Charlotte-based Red Cedar Capital Partners has locked in a $75 million investment that the company says will speed up its expansion into build-to-rent and multifamily projects across the Southeast and Midwest. The fresh capital positions the hometown developer to roll out more rental neighborhoods at a time when demand for professionally managed single-family rentals is surging in fast-growing Sun Belt metros.
According to the Charlotte Business Journal, the funding, reported March 10, will be put to work across Red Cedar’s entire vertical platform, from land acquisition and site work to construction and lease-up. The outlet highlighted the Kelly Ridge rental townhome community, a northwest Charlotte project the company is developing, with a photo of the neighborhood.
Red Cedar Doubles Down on Built-to-Rent
Red Cedar’s investor-facing materials outline a formal “Built to Rent Partnership” program that pitches the company’s development, construction and asset-management capabilities to institutional players. The site lists northwest Charlotte among its active regions and shows the firm’s headquarters at 1710 Camden Road. Red Cedar Homes says it offers turnkey services for partners that want scale in the rental market.

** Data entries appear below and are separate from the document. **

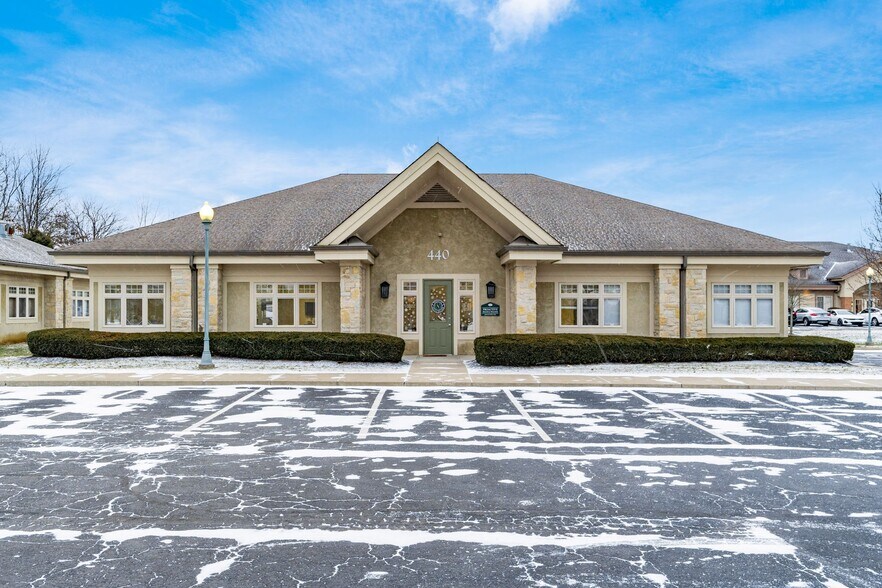 Primary Photo Of 440 Beecher Rd, Columbus Medical For Lease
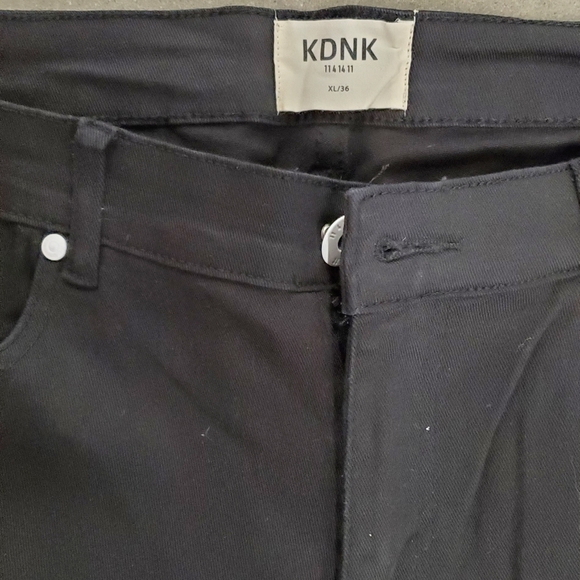 KDNK Black Mens XL 36 distressed pants - Picture 2 of 5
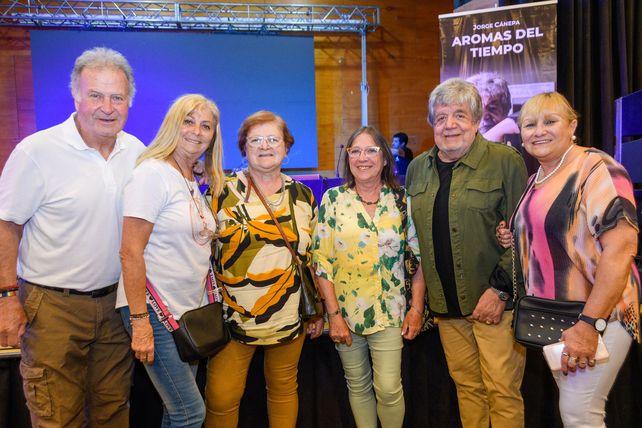 Miguel Trifilio, Mabel Graciano, Nora Martino, Liliana Gardella, Jorge Cánepa y Mónica Tiraboschi.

Institutional Partners and Pipeline
Red Cedar already has institutional capital backing its projects in Charlotte. Atlanta-based NEWSTAR has announced several single-family rental partnerships with Red Cedar, including the 159-home Long Farm project and a northwest Charlotte townhome neighborhood, per PR Newswire. Industry coverage notes that Charlotte ranks among the nation’s busiest built-to-rent markets, a dynamic that helps explain investor appetite for the company’s growth plans, according to The Real Deal.
What This Could Mean for Charlotte
Company leaders told reporters the new capital will support more lot acquisitions, housing starts and joint ventures that could speed up delivery of professionally managed rental homes in Charlotte’s suburbs. The Charlotte Business Journal frames the raise as part of a broader shift in which builders and investors are pivoting toward purpose-built rentals as inventory constraints and affordability pressures continue to hang over the market.